### Task prompt:
Repeat the data in full and exactly. Leave the pictures out.

### Data section:

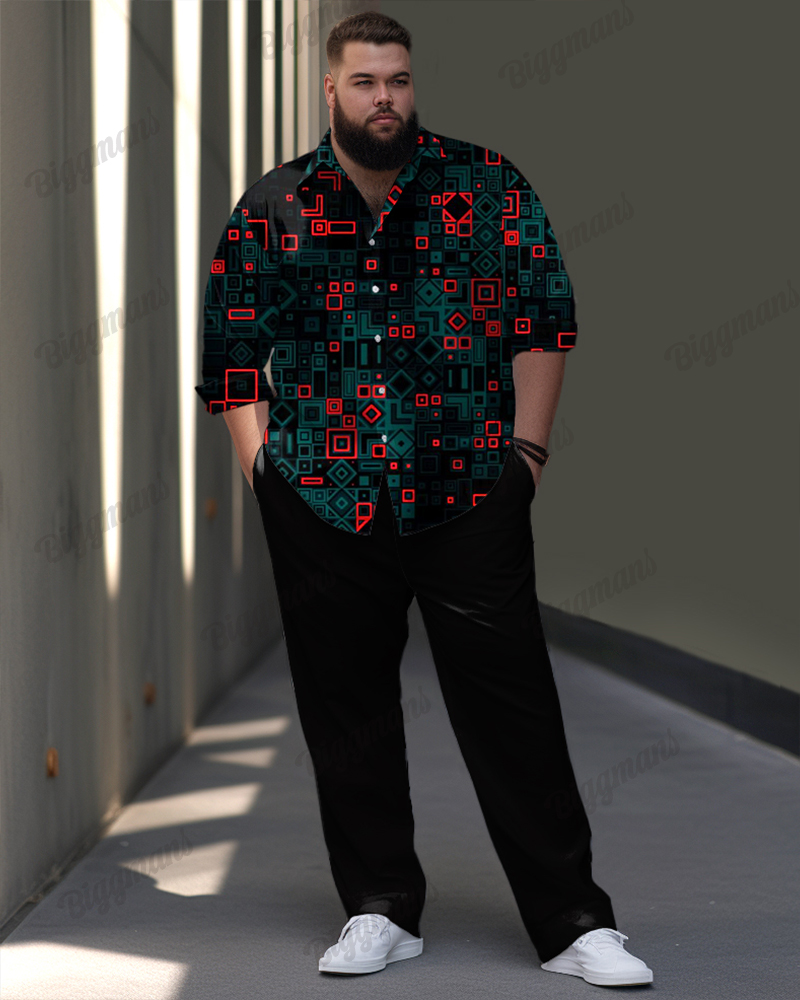 Vintage Geometric Jacquard Contrast Long Sleeve Lel Shirt 2 Piece Set Men's Plus Size
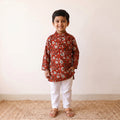Red - kids pure cotton kurta in bagru block prints (3-4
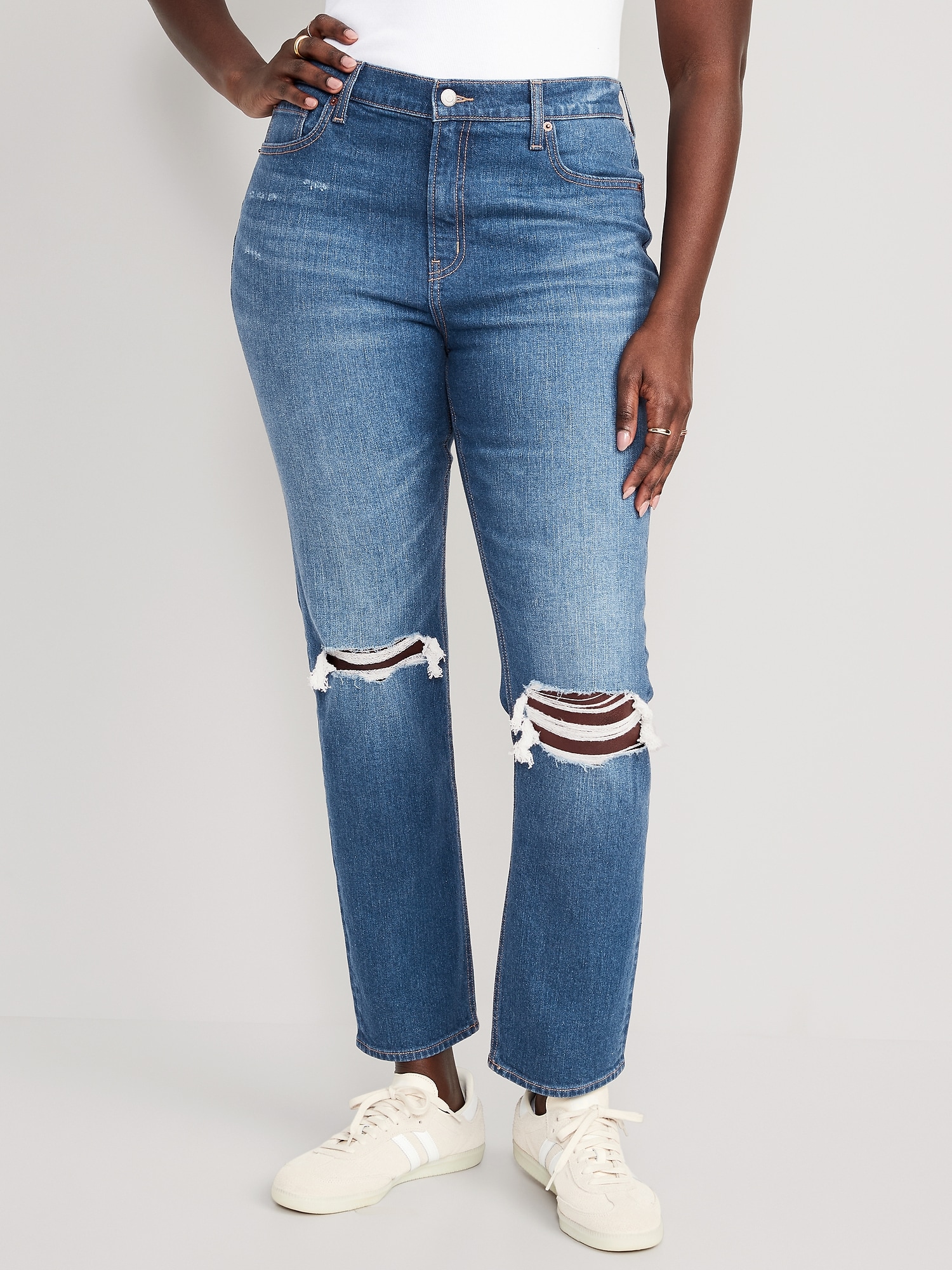 Mid-Rise Boyfriend Straight Ripped Jeans for Women | Old Navy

### Written reply:
 Vintage Geometric Jacquard Contrast Long Sleeve Lel Shirt 2 Piece Set Men's Plus Size
Red - kids pure cotton kurta in bagru block prints (3-4
 Mid-Rise Boyfriend Straight Ripped Jeans for Women | Old Navy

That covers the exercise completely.